In U.S. EPR, control rods provide operational reactivity control during Operational States and reactor trip during DBAs. SIS/RHR system provides normal residual heat removal to assist reactor shutdown during NO and emergency core cooling during Accident Conditions. MSSS provides depressurization of steam circuit during AOOs and initial residual heat removal and secondary heat removal during Accident Conditions. CCWS and ESWS function as a cooling medium for different safety systems, depending on the plant state. EFWS provides RCS cooldown during AOOs and maintains water inventory during DBAs. PRT condenses and cools steam that is discharged to it from two different systems during Operational Sates and Accident Conditions. (Areva NP, Inc. 2013c, p.
5.4-26; Areva NP, Inc. 2013f, p. 9.2-1, 9.2-25; Areva NP, Inc. 2013g, p. 10.3-1, 10.4-74).
As a traditional LWR, operator action is required to mitigate the consequences during some Accident Conditions in U.S. EPR design. Because of this, HVAC systems are required to provide acceptable ambient conditions in their respective buildings regardless of the plant state.

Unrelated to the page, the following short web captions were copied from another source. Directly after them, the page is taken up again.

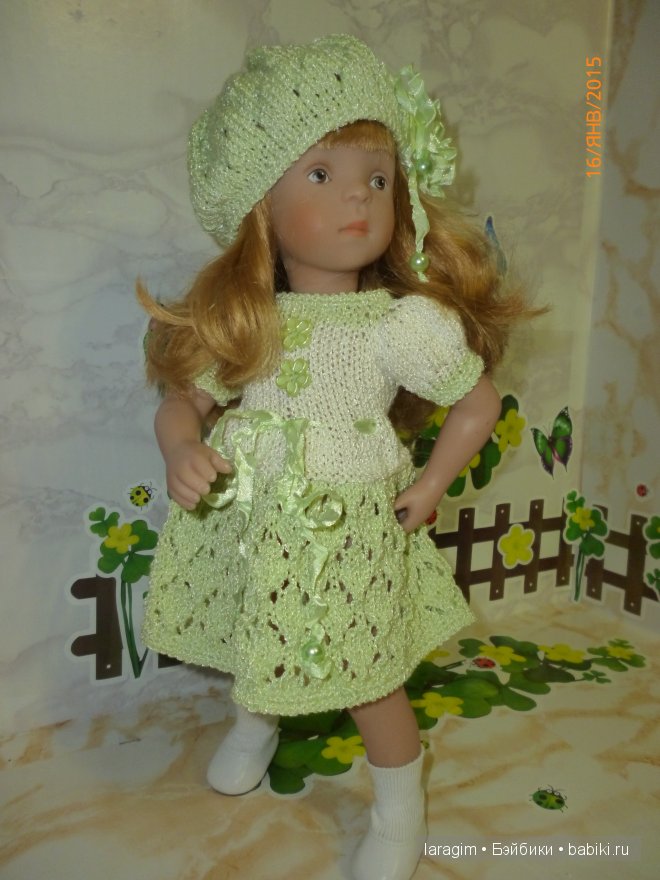 "Готовь сани летом, а телегу - зимой" или... одежда для Minouche от Sylvia Natterer своими руками | Бэйбики "Готовь сани летом, а телегу - зимой" или... одежда для Minouche от Sylvia Natterer своими руками (фото 8)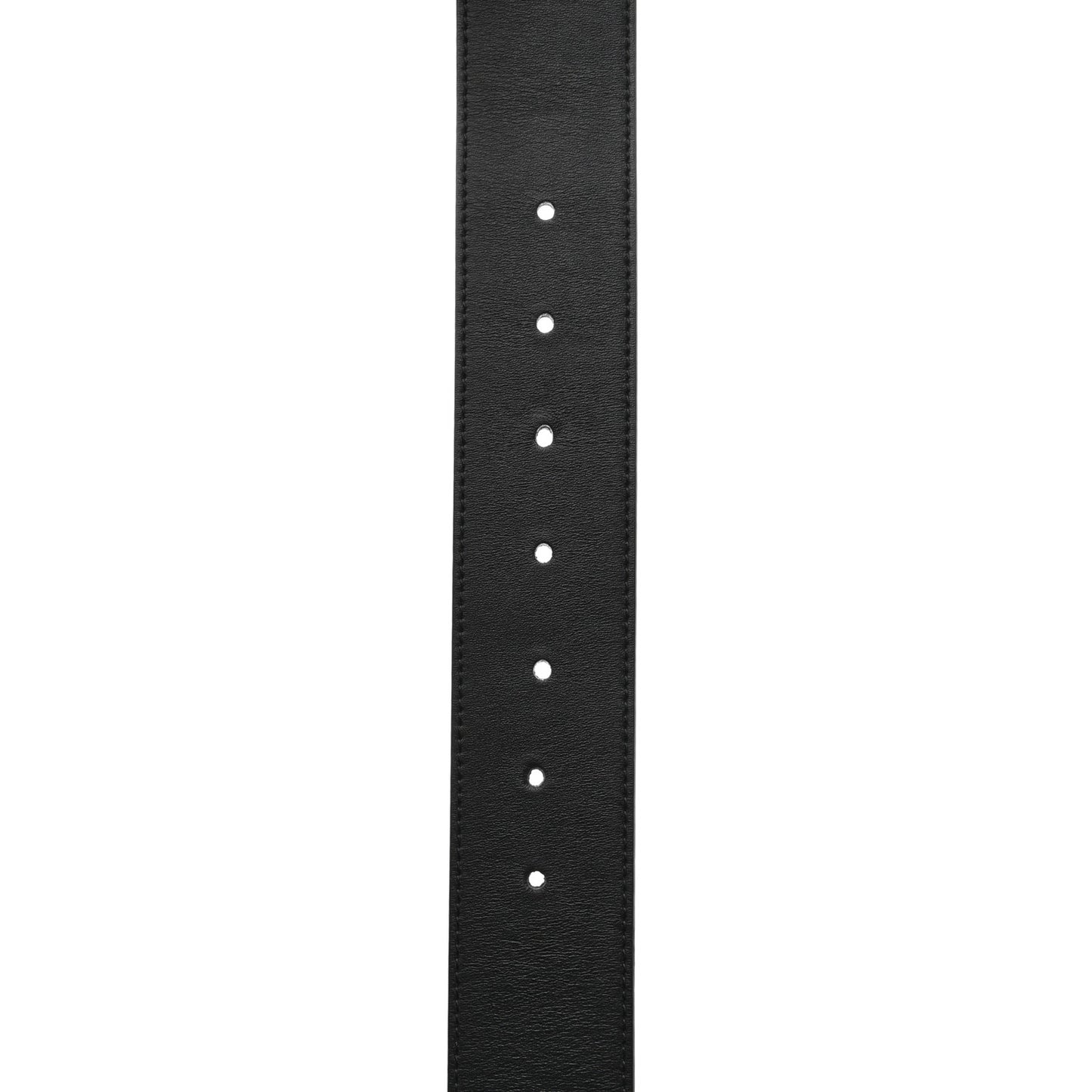 Calfskin Double G 40mm Belt 90 36 Black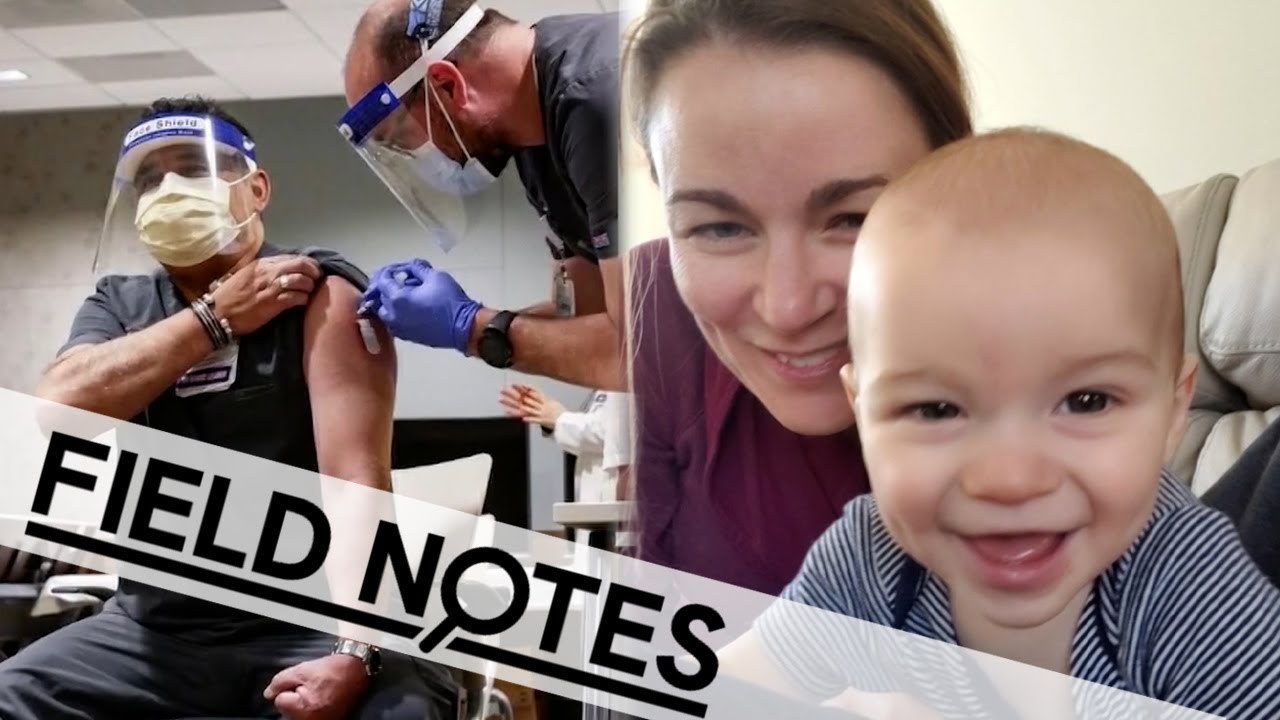 COVID-19 Vaccine Stories: Firsthand Experiences of Health Care Workers | FIELD NOTES
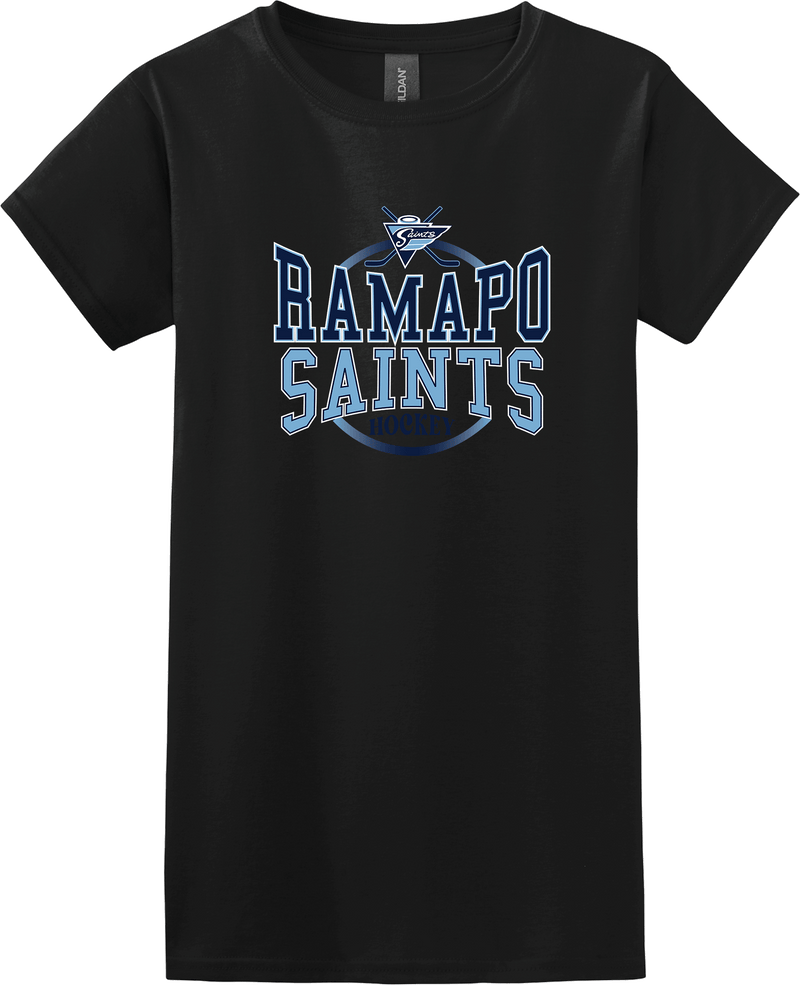 Ramapo Saints Softstyle Ladies' T-Shirt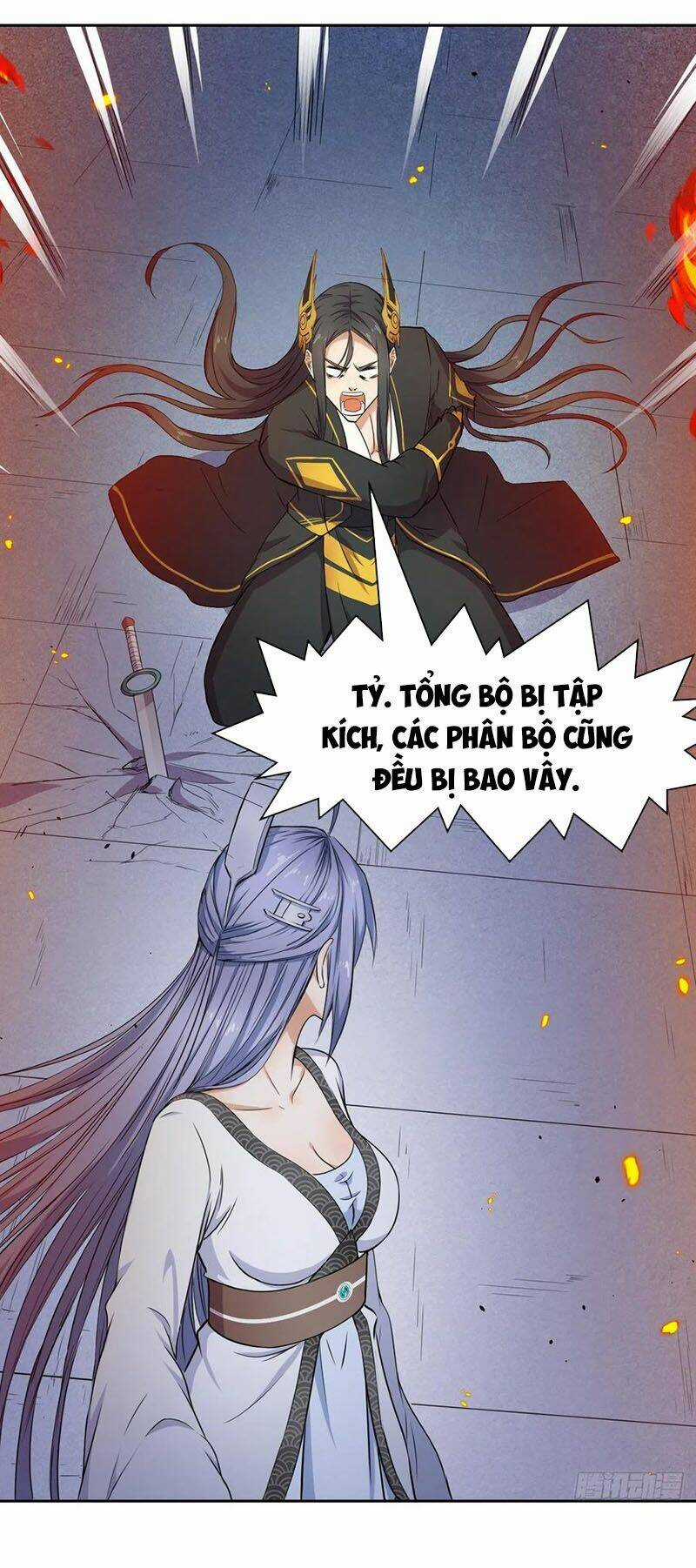 Sư Tỷ Của Ta Đông Đến Một Đám Chapter 152 trang 10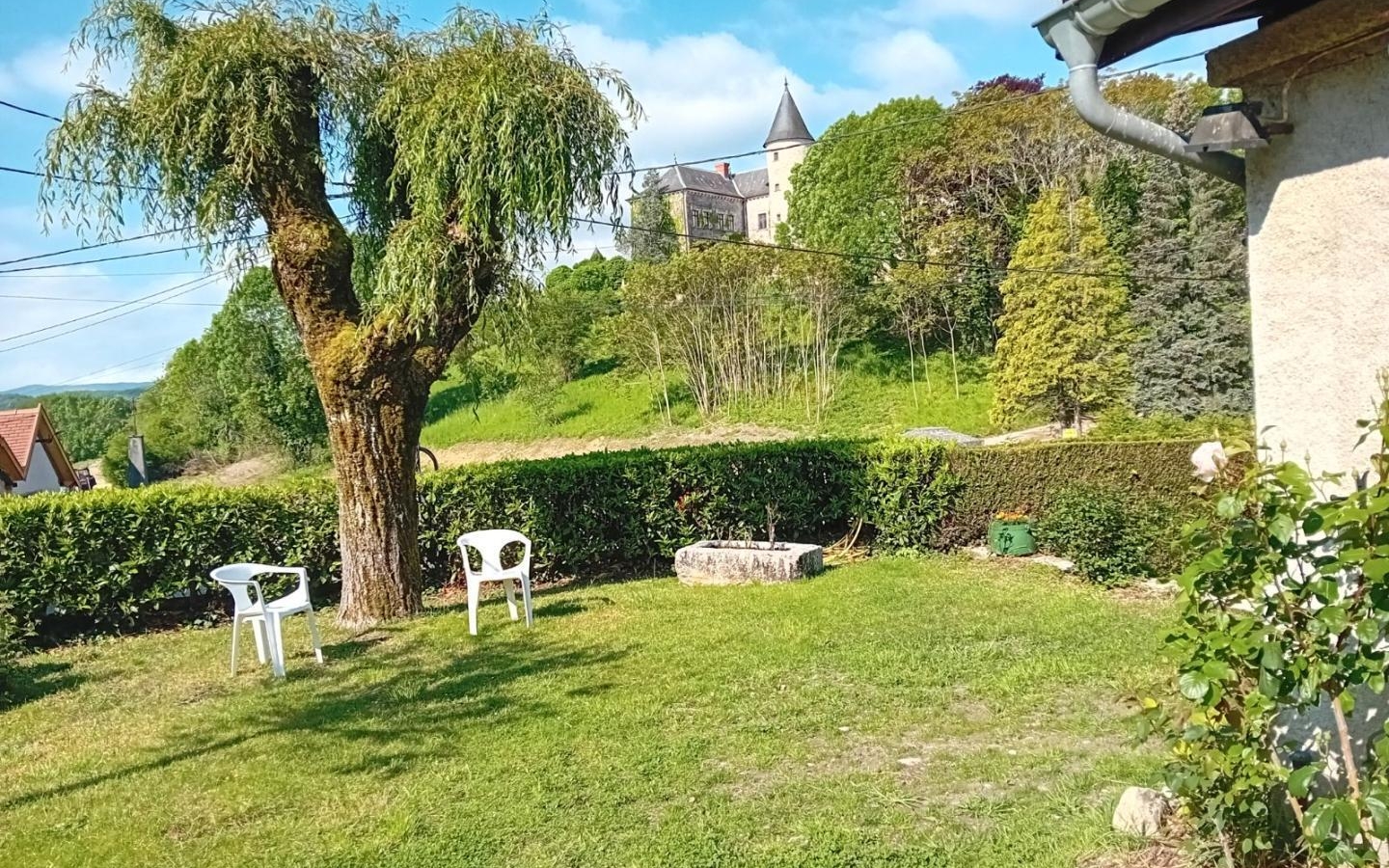 Gîte du Lavoir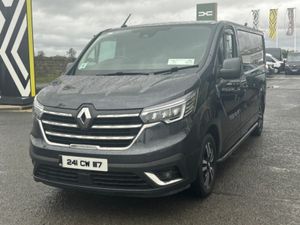 Renault Trafic 170AUTO EXTRA SPORT ex vat price di - Image 3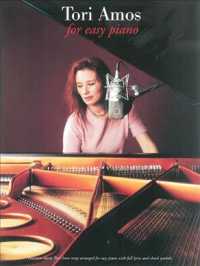 Tori Amos : For Easy Piano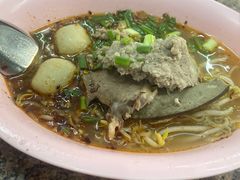 -榮泰米粉湯(Left Shop)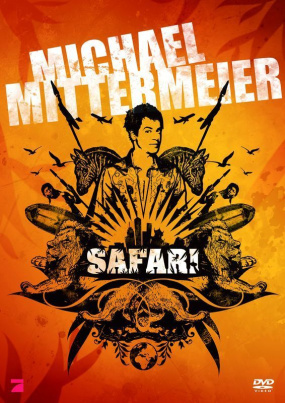 Michael Mittermeier / Safari (DVD)
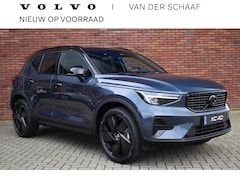 Volvo XC40 - B4 210PK Plus Black Edition | Lounge Pack | 360 Camera |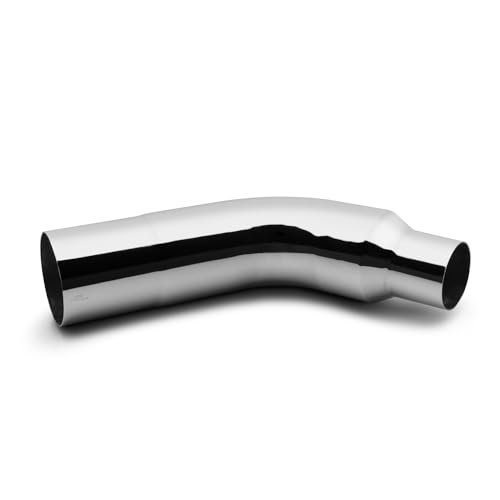 60° Exhaust Elbow Diameter:5'' Leg Length(A&B):8'' Leg Length(R):5''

There aren’t any diverse HVAC systems, which means that the same systems provide acceptable ambient conditions during both Operational States and Accident Conditions. Only their supply of electrical power is diverse, depending on the plant state.
NuScale design implements safety systems that have safety-related functions during both Operational States and Accident Conditions too, but those functions are the same, apart from control rods. The safety-related functions of ECCS, DHRS, CIVs and their associated heat removal chains are the same regardless of plant conditions. The difference to U.S. EPR is that these systems function passively and are actuated upon loss of electrical power. Highly Reliable Direct Current Power System EDSS has safety-related functions during AOOs and DBAs too, but it is classified as a non-Class 1E system (NuScale Power LLC. 2020e, p. 8.3-23).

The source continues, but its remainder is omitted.